The N800, for me, actually works quite well, it has quite a lot of quirks but you get used to them quickly. The screen layout wastes a lot of valuable pixels, the on-screen menus and the menu button are particularly odd. Some control panel apps are not too well thought out - the network one is particularly bad. However, you can pick up a tablet and quickly make it do stuff, you're not fighting it too much. I don't think it's broken badly, it needs cleaning up, rationalising. Hildon might not be the best, but at least things get a global style.

For nearly three months mid 2007 I used macbookpro with OSX, I liked it, but I found the enforced styles too much, irritating! I didn't like the dock, wanted a trivial start menu, didn't like the animations even though I turned off everythign I could. I now have a Toshiba running linux and a very simple KDE theme (though I did try compiz fusion just to see what the fuss was about, hated it after 5 minutes).

OK, my point? A good UI doesn't get in the way of what you want to do! After the fun of the "bling" in OSX and Vista and KDE, if you're focusses on tasks, you want something that's simple, plain, rational/consistent and tidy!

I came to this thread wondering if I could remove part of the hildon interface to simplify it - save some screen real estate. Didn't mean to rant for so long, sorry.
 
ARJWright's Avatar
Posts: 861 | Thanked: 734 times | Joined on Jan 2008 @ Nomadic
#37
Originally Posted by speculatrix View Post
OK, my point? A good UI doesn't get in the way of what you want to do! After the fun of the "bling" in OSX and Vista and KDE, if you're focusses on tasks, you want something that's simple, plain, rational/consistent and tidy!

I came to this thread wondering if I could remove part of the hildon interface to simplify it - save some screen real estate. Didn't mean to rant for so long, sorry.
Amen (to teh first paragraph).
For those of us not as familiar with Linux, the second paragraph is something that I echo in a sense. If there was someone (some program or tutorial) that would lead us to being able to understanding the UI underpinnings so that we can exercise our UI-wants then it would be great.

At the same time, there are some general things that do need to be done that some kind of study/document/attention-getting-document that whomever's in charge can look at (and we know they are looking at it) and really consider and work towards implementing - I know this is being done in reference to this and other threads, but wanted to put it out there.

That all being said, I would hope that the next tablet does hit better than a home run in this area.

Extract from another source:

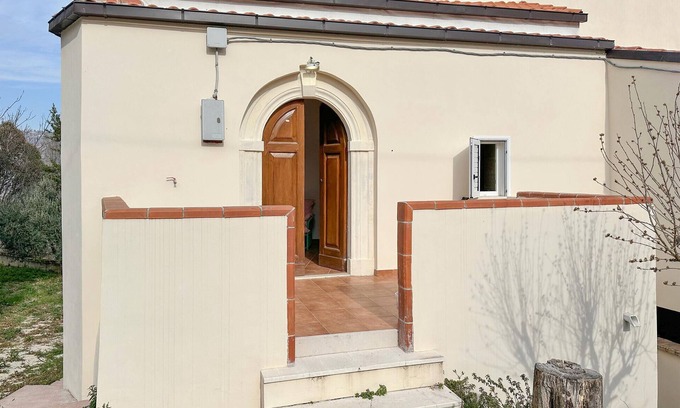 Cugnoli House | 4 bedroom pet friendly home in Cugnoli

I personally think its ready for the kind of impact that people would respond very favorably to it, but offputting UI/UX items will make it fall hard and fast.
 
speculatrix's Avatar
Posts: 880 | Thanked: 264 times | Joined on Feb 2007 @ Cambridge, UK
#38
interesting article on designing a ui for the small screen
http://www.taptu.com/blog/2008/01/08...-from-scratch/
 
wazd's Avatar
Posts: 528 | Thanked: 895 times | Joined on Oct 2007 @ Moscow, Russia
#39
Designing a website UI and designing OS UI is whole different things. And I haven't found there any unic info bout mobile UI prototyping or anything else)
 
Texrat's Avatar
Posts: 11,700 | Thanked: 10,045 times | Joined on Jun 2006 @ North Texas, USA
#40
Originally Posted by wazd View Post
Designing a website UI and designing OS UI is whole different things. And I haven't found there any unic info bout mobile UI prototyping or anything else)
Doesn't have to be that way, though. The convergence of both has been going on for years. There's almost no noticeable difference now to casual users between an advanced internet environment and a local net environment.